Le vol de données est aussi un risque non négligeable, même si au sein d'une organisation il peut ne pas y avoir d'informations vraiment confidentielles, la divulgation d'informations liées à des projets en cours ou à la santé financière de l'organisation peut donner un avantage concurrentiel non négligeable à une société du même secteur.
La responsabilité civile ou pénale des responsables de l'organisation peut être engagée en cas d'utilisation des ressources du réseau par un pirate pour attaquer d'autres réseaux. Les responsables du réseau attaquant peuvent être poursuivis pénalement si il est prouvé qu'ils n'ont pas pris les précautions élémentaires pour enpêcher ce type de prise de contrôle. Ce genre de situation se retrouve dans les attaque de type Distributed Denial of Service (DDoS).
La liste des types de firewalls présentés ici n'est pas exhaustive, elle permet simplement d'avoir une vue d'ensemble des opérations qu'un firewall peut effectuer. Nous n'envisagerons également que les types de firewalls qui agissent au niveau des couches 3 et 4 du modèle OSI. Les firewalls applicatifs sont trop liés à un type de service donné pour faire l'objet d'un cours générique.
Si ils sont efficaces pour protéger la plupart des ressourcese d'un réseau, les firewalls présentés ici ne permettent pas de prendre en compte les données applicatives utilisées, ils n'agissent pas sur :
Les adresses URL vers des sites non autorisés
Les virus qui peuvent transiter sur les protocoles applicatifs
Les courriels non sollicités (spam, junk mail,...)
...
C'est le rôle d'autres applicatifs dans la chaîne de sécurité d'assurer ces fonctions, comme un scanner anti-virus associé à un serveur de messagerie ou à un proxy HTTP.
Des points de communication sont nécessaires entre le réseau de l'organisation et l'extérieur, que ce soit pour accéder à des services ou pour en fournir.
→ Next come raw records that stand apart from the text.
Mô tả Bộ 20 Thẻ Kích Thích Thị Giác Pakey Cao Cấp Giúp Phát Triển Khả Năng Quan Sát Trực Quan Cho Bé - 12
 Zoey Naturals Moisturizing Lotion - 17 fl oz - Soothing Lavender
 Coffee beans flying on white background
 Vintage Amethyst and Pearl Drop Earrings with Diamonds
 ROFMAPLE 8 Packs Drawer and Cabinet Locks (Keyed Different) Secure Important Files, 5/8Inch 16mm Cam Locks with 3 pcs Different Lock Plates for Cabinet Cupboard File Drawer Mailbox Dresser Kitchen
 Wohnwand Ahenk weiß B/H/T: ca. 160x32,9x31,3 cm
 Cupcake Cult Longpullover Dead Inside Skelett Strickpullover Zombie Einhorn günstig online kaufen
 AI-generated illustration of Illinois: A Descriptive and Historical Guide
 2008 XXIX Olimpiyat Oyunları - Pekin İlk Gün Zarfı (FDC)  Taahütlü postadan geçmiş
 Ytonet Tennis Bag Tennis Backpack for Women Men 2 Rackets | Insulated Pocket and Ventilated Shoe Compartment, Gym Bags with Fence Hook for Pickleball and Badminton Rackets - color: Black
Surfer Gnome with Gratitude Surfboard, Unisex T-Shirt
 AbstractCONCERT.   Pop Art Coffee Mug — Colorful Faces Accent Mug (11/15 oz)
La plupart du temps les services standards demandant une haute disponibilité et de forts volumes de transactions sont hébergés par des sociétés spécialisées dans ce type de prestation, mais il reste toujours un certain nombre de services qui peuvent être hébergés localement, que ce soit pour des raisons de confidentialité, de commodité ou autres. La DMZ est la partie du réseau qui est ouverte vers l'extérieur elle n'héberge que les machines et les services qui doivent être exposés au public pour des raisons de communication externes. Typiquement on trouve dans la DMZ :
Le serveur DNS
Les serveurs de messagerie
Les serveurs WEB pour les applications ouvertes à l'extérieur
Les serveurs FTP pour les documents à communiquer à l'extérieur
Les serveurs d'annuaire qui contiennent des informations publiques
Et plus généralement tous les serveurs qui contiennent des informations à diffuser ou des services à offrir au public.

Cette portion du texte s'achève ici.